The data can be downloaded from the data collection of Zurich at data.stadt-zuerich.ch. We provide snapshots of the data in the data/ folder that allow reproducing the results of this project.

Plots

The plots are available in the plots folder. These plots are created with the scripts in the src folder. These scripts are described in the following sections.

Q1: Development of Zurich’s Public Transportation System Over Time

We analyze the development of Zurich's Public Transportation system across year 2014-2023, by characterizing the spatial coverage and passenger volume in Zurich's public transportation system.
You can use the notebook src/Q1Q2_development_utilization_analysis.md to reproduce the results.
The distance coverages was computed with first filtering out the dataset for unique stop nodes and then summed up the distance between stops.
The passenger volumn was computed with mutiplying the mean of numbers of passengers aboarding the vehicle with the corresponding number of days. This is because the data was sampled in such a way that the days of a year was defined into different day types, and values in the input contains averaged numbers of passengers in the day type, and how many days are there in the day type, instead of massive individual observation values.

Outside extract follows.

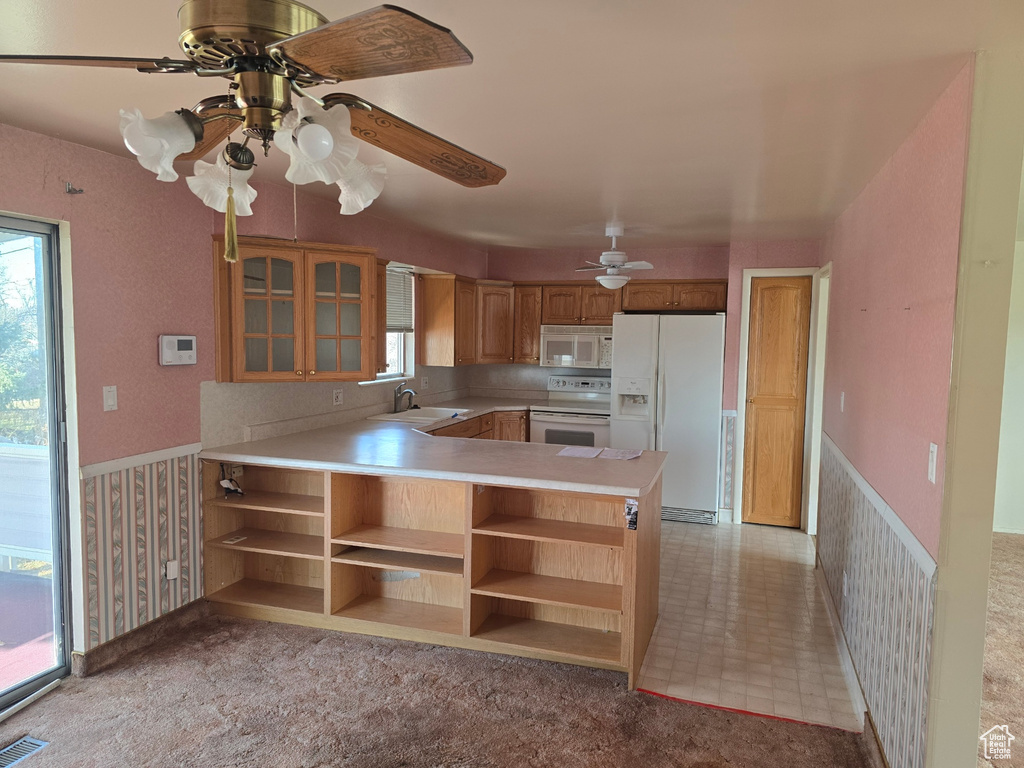 Kitchen featuring white appliances, light carpet, sink, kitchen peninsula, and ceiling fan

Q2: Utilization Intensity of Zurich’s Public Transportation Infrastructure

We analyze the mobility of passengers with the VBZ system, in the metric of passenger-kilometer (pkm, number of passengers mutiplied by the distance moved), with the intention to compare to other major cities in the world.
Pkm was computed with mutiplying the mean of numbers of passengers onboard with the corresponding number of days and the distance traveled.

You can also use the notebook src/Q1Q2_development_utilization_analysis.md to reproduce the results.

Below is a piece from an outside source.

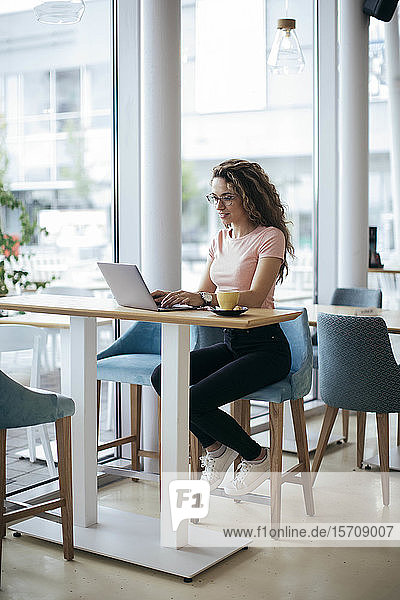 Junge Studentin arbeitet im Café an ihrem Laptop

Q3: Spatiotemporal Distribution of Passengers

We analyze the spatiotemporal distribution of passengers in Zurich's public transportation system. You can use the notebook src/Q3_geospatial_analysis.ipynb to reproduce the results.

This script creates maps visualizing the traffic. First, we visualize the connections (between stops) as lines on top of a map of Zurich. The lines are colored according to the vehicle utilization (free seats). Second, we visualize the number of passengers at each stop as heatmaps on top of a map of Zurich. We calculate these statistics for each hour of the day and distingiush between weekdays and weekends. For each case, we calculate one corresponding map. The maps are available as html in the docs/static/maps folder and on our website sagerpascal.github.io/uzh-data-science-project.

Q4: Analysis of the Interplay Between Diverse Factors

We analyze the occupation of Zurich's public transportation regarding the factors weekday versus weekend, and academic calendar (exam session, lecture period).

Average occupation and boxplots for occupation regarding weekday or weekend, and academic calendar are given. The R code is available here src/Q4_analysis_of_diverse_factors_w_addtionalinfo.Rmd.

Q5: Prediction of Freeseats

We applied different machine leaning methods with the goal to predict seat availability of the VBZ system with different feature variables.

Q5a: Prediction of Occupancy

We applied machine learning models trained with data in the earlier years in order to predict for a given later year. In order to do so, we first prepared the data to keep only relevant feature variables as Time/GPS_Latitude/GPS_Longitude/Weekday-weekend_attribute/Vehicle_type.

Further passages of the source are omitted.